You live in Brussels. You are in your early twenties and are almost broke. You are either an exchange student, or one of those prized locals exchange students love to befriend.
For some reason, you and I have just become acquainted with one another. Perhaps it’s because I asked to borrow your pencil and you were intrigued by my funny accent.
We are sitting at the back of a lecture hall, committed to our seats for the next two hours. We begin to make conversation. We ask each other where we come from, why we are in Brussels, and why in god’s name we chose to enroll in an 8:00am microeconomics course this term.
Soon enough, we start talking about our respective living arrangements. You tell me about your apartment, and how you share it with three other people. “The hallways can get crowded at times,” you admit, “but it is an otherwise cozy arrangement.” When it’s my turn, I tell you that I have thirteen housemates, sharing a kitchen and backyard, and that that too is a cozy arrangement.
“Thirteen housemates?!” you exclaim. Then, dropping your voice so that the professor stops glancing in our direction, you whisper: “but how can so many possibly share one kitchen?”
This is when, dear Reader, I pull out a notepad, and perform the calculation that I have performed so many times before with new acquaintances.
I write down the number 14 (myself now included), and make the following subtractions from it:
minus two: the housemates who have microwaves in their rooms. They require no other cooking apparatus, and thus don’t venture out of their rooms often. Only trace of their existence are the plastic wrappers from their microwavable dinners, dumped in bulk into communal garbage bin once in a while.

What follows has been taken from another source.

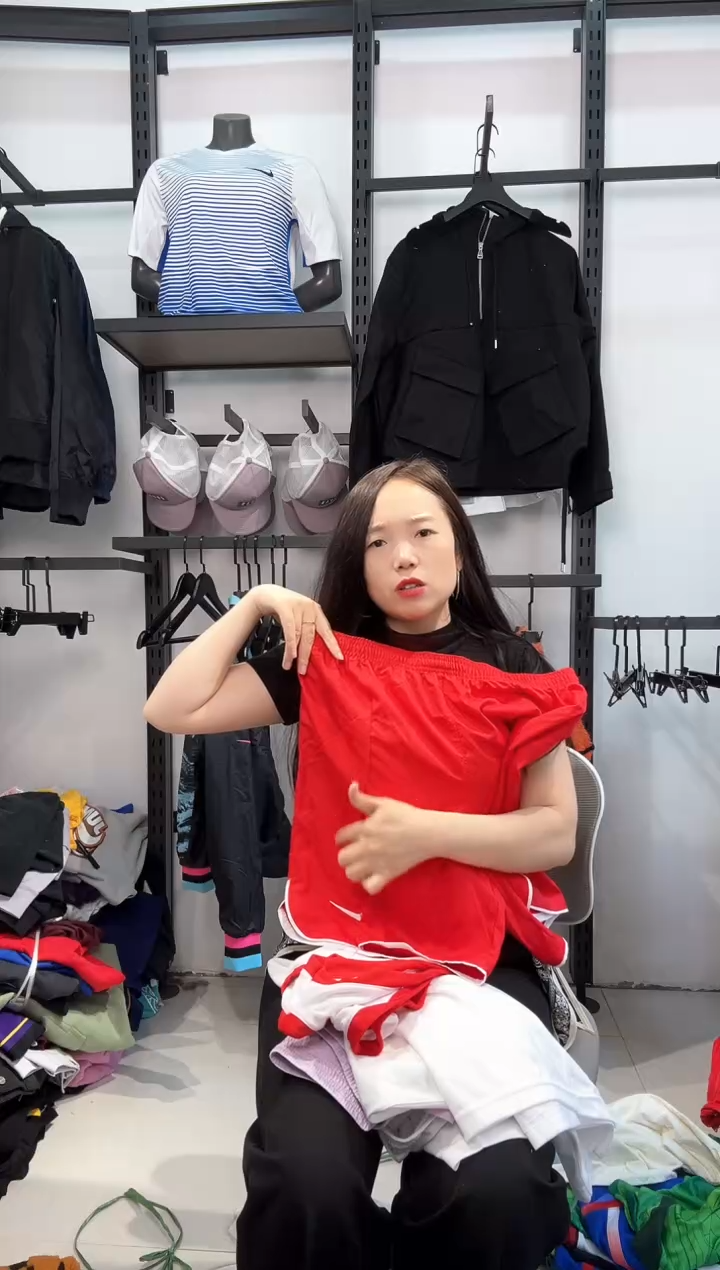 2670编码  瑕疵直播间过款为准 尺码170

minus one: the housemate who suffers from severe allergy to wheat, cats, and people. Thus cannot tolerate copious amounts of beer and pasta consumed in kitchen, nor the people who consume it for that matter. Communication with other housemates, if any, via facebook and stickie notes.
minus four: the housemates with family living close by. Occasionally walk into kitchen with their groceries, but quickly walk back out, appalled at state of kitchen, and go cook elsewhere.
minus one: the housemate who lives in “Cursed Room” (right above kitchen) and thus doesn’t last long in the house anyway. Each consecutive tenant of Cursed Room forced to endure the following: 1) noise from weekly karaoke sessions, 2) noise from heated debates during house meetings, and 3) putrid smell of all sorts of fish, cooked by housemate of undisclosed nationality.
Total number of housemates who actually use kitchen:
14 – 8 = 6
Now that really is a cozy number.
“See? It doesn’t matter if there are four or fourteen people living together” I say to you with a big grin on my face, “these things just have a way of working themselves out.”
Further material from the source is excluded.